Merricat Blackwood (named by Book Magazine as one of The 100 Best Fictional Characters Since 1900) is your narrator, a strange child of eighteen and one of the only surviving members of a prominent family that was killed at breakfast when someone put arsenic in their sugar. Constance, her older sister was acquitted of the murders and poor Uncle Julian's body and mind were permanently warped by his non lethal dosage. Together the three of them, along with Jonas, the cat, live in an old mansion apart from the rest of the village. They are completely sheltered from the outside world except for the two days a week Merricat goes into the village for goods and must endure the stares and laughter of the villagers, and Sundays when members of other prominent families bravely take tea with the two mysterious girls.

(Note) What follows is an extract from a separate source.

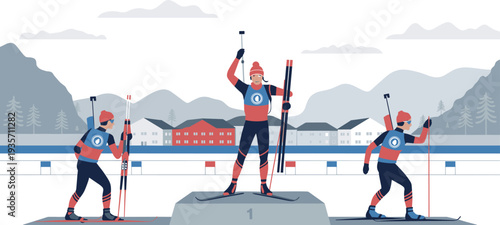 Biathlon winter sport illustration with athlete on podium holding skis and rifle, snowy mountain stadium background flat design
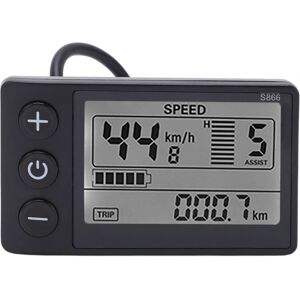 BEMS Elcykel S866 LCD Display Meter 24V 36V 48V Kontrolpanel med vandtæt stik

Their beloved castle is under the protection of Merricat's sympathetic magic described by wikipedia as:
“a type of magic based on imitation or correspondence. Imitation involves using effigies or poppets to affect the environment of people, or occasionally people themselves. Correspondence is based on the idea that one can influence something based on its relationship to another thing.”
For example, she buries items like a box of silver coins and nails her father's books to the surrounding trees to keep out strangers, and once that book falls, she knows danger is imminent.
That danger comes in the form of Uncle Charles, a thieving manipulator who can fool the frail Constance, but not so easily the equally manipulative Merricat who envisions different ways he could die (turning him into a fly and leaving him in a spiders web, or perhaps just stomping him to death in the garden…) during his very unappreciated visit. His presence sparks the end of their structured way of living and after an eruption of fire and violence, marks the beginning of a new far weirder secluded way of living for the two sisters.
It's part Grey Gardens, part Tim Burton (who would have a grand time adapting this), part old timey Gaslight thriller, and I loved it. It was interesting to find out that Jackson was an agoraphobic herself, which is probably why the extremely eccentric but happy sisters are sympathetic and oddly relatable while all the outsiders are depicted as cruel or petty. While Jackson is not as well known today as she deserves to be, this, her last novel did come out in a new edition in 2007 with a smart looking cover featuring an illustration by Thomas Ott (pictured) but the original cover is also pretty wonderful and both adorn an equally great read.